INSTRUCTIONS TO FOLLOW:
Retype all of the data word for word, without pictures.

COLLECTED MATERIAL:
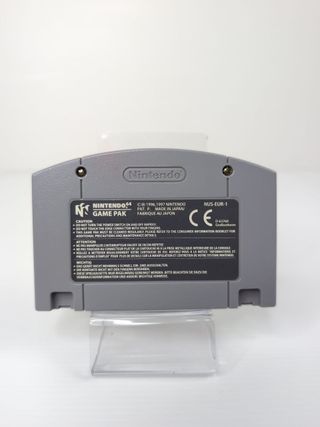 F-Zero X N64 Cartuccia PAL EUR Testata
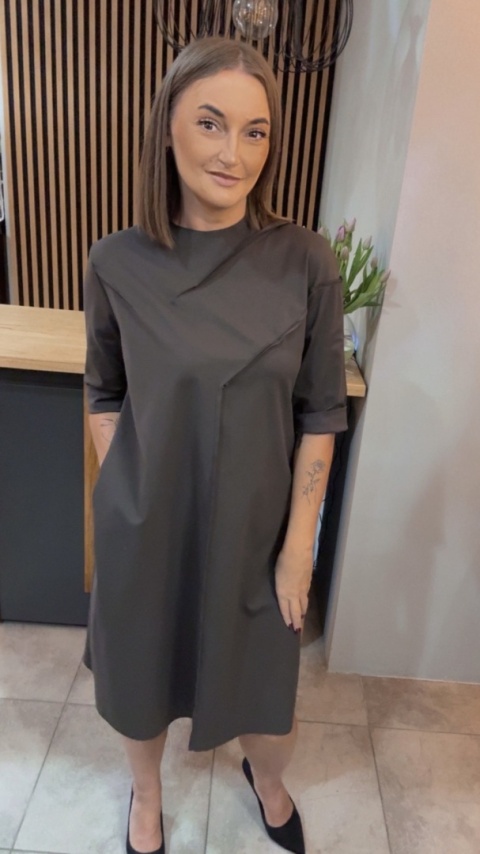 Sukienka Wendy Trendy - Czekolada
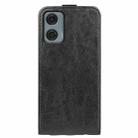 For Motorola Moto G24 Power R64 Texture Single Vertical Flip Leather Phone Case(Black) - 3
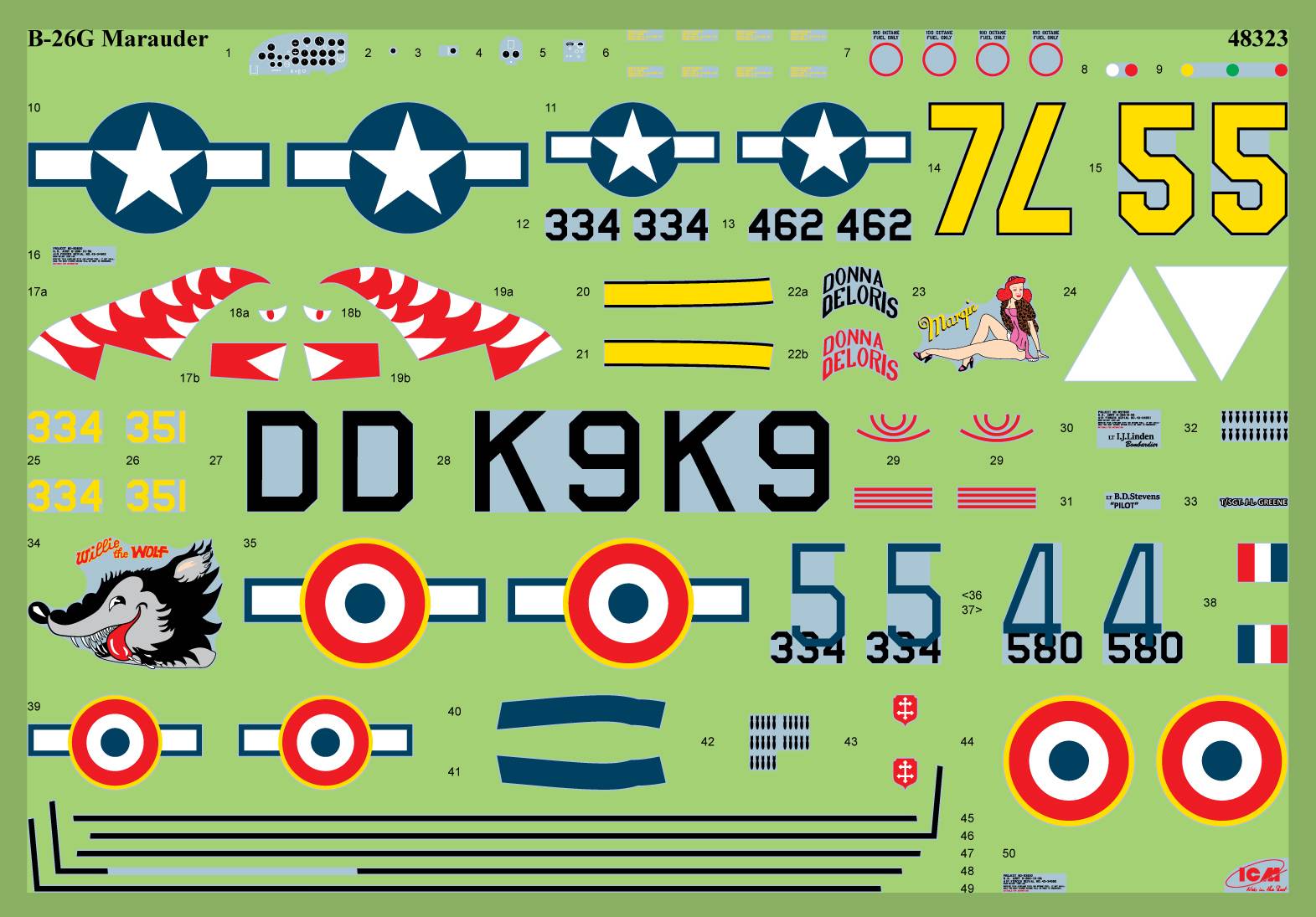 B-26G Marauder WWII American/French Bomber – Image 9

RESULT FOR THIS TASK:
 F-Zero X N64 Cartuccia PAL EUR Testata
 Sukienka Wendy Trendy - Czekolada
 For Motorola Moto G24 Power R64 Texture Single Vertical Flip Leather Phone Case(Black) - 3
 B-26G Marauder WWII American/French Bomber – Image 9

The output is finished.